A ketogenic diet is a high fat, adequate protein and low carbohydrate diet aimed at imitating the body’s fasting state. The body, therefore, metabolises fat for energy. The early introduction of the ketogenic diet has shown to be beneficial in the management of FIRES in uncontrolled trials. It has been suggested that the ketogenic diet may have an anti-inflammatory, as well as an anti-convulsant effect. Some reports suggest it may also have a positive effect on long term cognition. Currently, it is one of the only management options shown to be effective. Future controlled studies are needed to prove this efficacy.

Vagus nerve stimulation

Vagus nerve stimulation (VNS) involves the implantation of an electrode that produces intermittent electrical stimulation into the left cervical vagus nerve. Case reports have found benefit from VNS in the cessation of seizures in patients with refractory status epilepticus and NORSE. There is limited evidence of its use in FIRES.

Long term effects

The prognosis of FIRES is poor. The outcome varies with the length of the acute phase with mortality rates up to 30%. Of those patients who survive there is 66-100% chance that they will have long term cognitive impairment due to damage of the frontal and temporal lobe functions. Survivors with a normal cognitive function will present with a spectrum of learning disabilities, behavioural disorders, memory issues and sensory changes. There is a high risk of recurrent status epilepticus.

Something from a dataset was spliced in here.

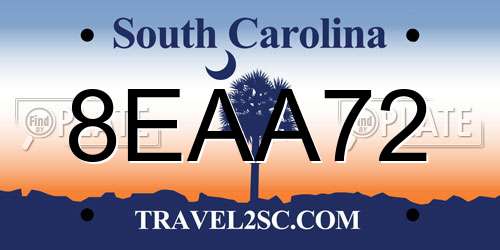 8EAA72 South Carolina License Plate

Unfortunately, only a small proportion of survivors will have no neurologic sequelae.

The patient required a lengthy PICU admission where they were managed with a burst suppression coma, ketogenic diet, high dose steroids and intravenous immunoglobulin.

They were later diagnosed with Febrile-Infection Related Epilepsy Syndrome after extensive investigations, including a normal brain MRI and a lumbar puncture which showed a mildly elevated white cell count but was otherwise unremarkable.

They are currently seizure free on a combination of oral phenobarbitone, perampanel and levetiracetam but have some cognitive sequelae.